Preparing and importing data
Amazon Personalize uses data that you provide to train a model. When you import data, you can choose to import records in bulk, individually, or both. With individual imports, you can import historical records or data from live events. As your catalog grows, we recommend that you complete additional imports to keep your data in Amazon Personalize up to date. For real-time recommendations, keep your Interactions dataset up to date with your users' behavior by recording interaction live events with an event tracker and the PutEvents operation.
The minimum data requirements to train a model are as follows:
-
1000 records of combined interaction data (after filtering by
eventType
andeventValueThreshold
, if provided). -
25 unique users with at least 2 interactions each.

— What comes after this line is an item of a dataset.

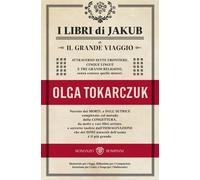 Libri Olga Tokarczuk - I Libri Di Jakub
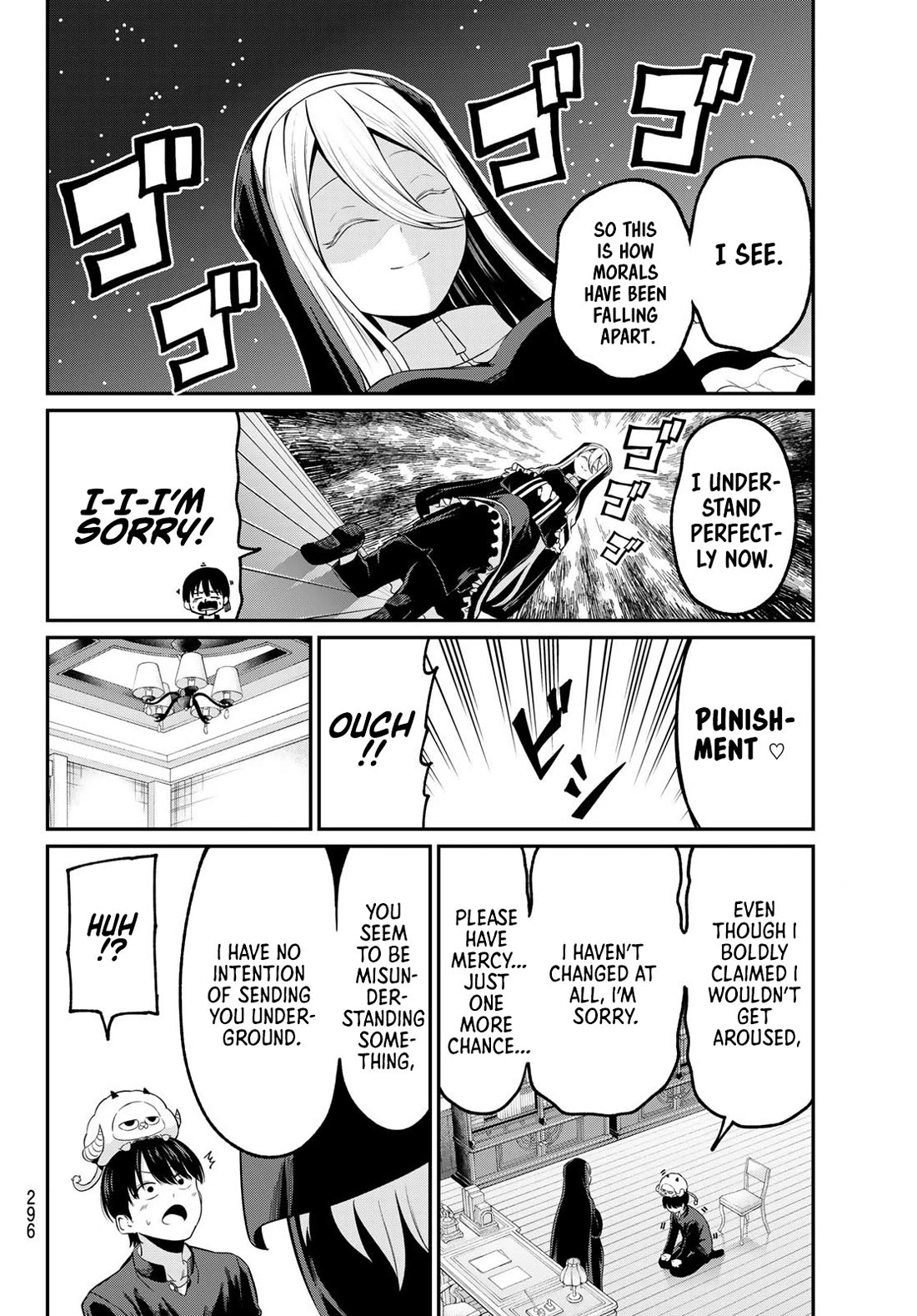 Irozuku Monochrome Chapter 11 page 7 - Chapter 11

To import your training data into Amazon Personalize, you do the following:
-
Create an empty dataset group. Dataset groups are containers for Amazon Personalize components. For more information, see Step 1: Creating a Custom dataset group.
-
For each type of dataset you are using, create an empty dataset with an associated schema. Datasets are Amazon Personalize containers for data and schemas tell Amazon Personalize about the structure of your data. For more information, see Step 2: Creating a dataset and a schema.
-
Import your data:
-
Import bulk records stored in an Amazon S3 bucket using a dataset import job. See Importing bulk records.
-
Import historical records individually with the Amazon Personalize console or the PutUsers, PutItems APIs. See Importing individual records.
-
Import data from user interactions in real time with the PutEvents API operation.
-
This section provides information about importing historical data into Amazon Personalize. For information about recording data from live events in real time, see Recording events.